Il bello (appunto) è però che Scruton lo fa con il candore della colomba, oltre che con l’astuzia del serpente a cui lo hanno temprato decenni di protagonismo sul proscenio della vita culturale, accademica e anche politica.
Il suo Beauty è un piccolo capolavoro. È un libro di filosofia scritto da un filosofo professionista, anzi vero, ma si lascia leggere da tutti, pure da chi di filosofia quotidianamente ne mastica poca. È un libro assertivo e al contempo dolce. Non si vergogna delle proprie convinzioni, e questo soprattutto perché le spiega, le argomenta, le giustifica. Spavaldo lo è per certo, e in questo Scruton potrebbe ricordare l’affascinante altezzosità di un Evelyn Waugh, ma è pure gentile, non lontano da un Alfred Lord Tennyson. La sua è la virtù dei forti, la calma. Ci vuole ben poco, scrive infatti il filosofo inglese, per riconoscere quanto orrende siano le produzioni «artistiche» che ci circondano, le costruzioni che sul capo c’incombono, le composizioni musicali che ci aggrediscono.

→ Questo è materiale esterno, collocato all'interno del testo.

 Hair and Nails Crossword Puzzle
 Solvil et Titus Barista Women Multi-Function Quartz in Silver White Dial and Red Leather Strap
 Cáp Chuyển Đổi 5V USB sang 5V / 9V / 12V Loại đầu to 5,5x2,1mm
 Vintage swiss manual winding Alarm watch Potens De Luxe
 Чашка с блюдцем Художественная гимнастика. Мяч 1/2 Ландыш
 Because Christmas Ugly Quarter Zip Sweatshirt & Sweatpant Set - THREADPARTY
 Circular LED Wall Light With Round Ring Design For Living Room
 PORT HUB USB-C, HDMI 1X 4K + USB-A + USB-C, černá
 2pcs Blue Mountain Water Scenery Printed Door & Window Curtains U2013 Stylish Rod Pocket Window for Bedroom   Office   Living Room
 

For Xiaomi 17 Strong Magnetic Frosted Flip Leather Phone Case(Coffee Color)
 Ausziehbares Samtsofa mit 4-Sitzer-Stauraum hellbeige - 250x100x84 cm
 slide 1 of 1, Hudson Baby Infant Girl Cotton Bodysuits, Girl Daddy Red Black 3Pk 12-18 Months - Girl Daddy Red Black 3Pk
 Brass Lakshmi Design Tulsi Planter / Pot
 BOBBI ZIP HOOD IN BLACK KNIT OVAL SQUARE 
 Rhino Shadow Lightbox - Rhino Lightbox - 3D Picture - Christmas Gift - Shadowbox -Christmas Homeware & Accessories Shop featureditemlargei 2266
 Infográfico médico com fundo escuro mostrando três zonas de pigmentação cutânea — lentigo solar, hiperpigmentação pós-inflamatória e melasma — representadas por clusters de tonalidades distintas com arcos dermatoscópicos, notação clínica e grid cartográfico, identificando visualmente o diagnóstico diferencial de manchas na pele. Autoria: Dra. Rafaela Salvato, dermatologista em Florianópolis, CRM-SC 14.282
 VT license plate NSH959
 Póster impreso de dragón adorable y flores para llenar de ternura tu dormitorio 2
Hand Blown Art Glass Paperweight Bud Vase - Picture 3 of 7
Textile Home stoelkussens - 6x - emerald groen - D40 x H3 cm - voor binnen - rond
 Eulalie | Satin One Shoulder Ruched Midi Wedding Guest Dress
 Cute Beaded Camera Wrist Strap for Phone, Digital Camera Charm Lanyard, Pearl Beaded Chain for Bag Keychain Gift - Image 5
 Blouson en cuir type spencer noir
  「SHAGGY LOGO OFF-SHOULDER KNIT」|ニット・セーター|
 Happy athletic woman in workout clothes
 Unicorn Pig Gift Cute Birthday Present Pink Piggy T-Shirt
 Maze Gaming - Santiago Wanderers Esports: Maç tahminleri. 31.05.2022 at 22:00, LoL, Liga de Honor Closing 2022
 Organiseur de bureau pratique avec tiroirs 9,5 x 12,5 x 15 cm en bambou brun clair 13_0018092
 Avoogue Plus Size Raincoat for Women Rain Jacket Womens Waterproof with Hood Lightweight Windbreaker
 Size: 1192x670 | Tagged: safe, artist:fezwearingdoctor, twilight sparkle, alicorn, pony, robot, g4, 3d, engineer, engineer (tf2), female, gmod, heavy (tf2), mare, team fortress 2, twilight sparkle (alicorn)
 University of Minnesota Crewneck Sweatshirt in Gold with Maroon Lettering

Però Beauty, per tranchant che sia, resta un libro di ricerca, come (da anni) in costante sviluppo è l’intero pensiero scrutoniano. Il libro pone soprattutto, e bene, delle domande, abbozzando più che altro impostazioni critiche, non perfette risposte conclusive. Intriso di riferimenti e di ripensamenti sulle teorie estetiche elaborate da Edmund Burke, Immanuel Kant e Thomas Stearns Eliot, Beauty è scritto e illustrato con linguaggio che non è troppo definire religioso, persino liturgico (né poteva essere altrimenti in un libro sulla bellezza): quel pervadente senso del sacro che è non confessionale giacché preconfessionale, che è autenticamente laico - un Matthew Arnold lo sottoscriverebbe - e che sarebbe il tessuto proprio di ogni filosofia rispettabile, se il pensiero occidentale non avesse da tempo smarrito il nord. Una filosofia naturalis, si aggettivava un tempo, ma anche questo ora sa di reazionario.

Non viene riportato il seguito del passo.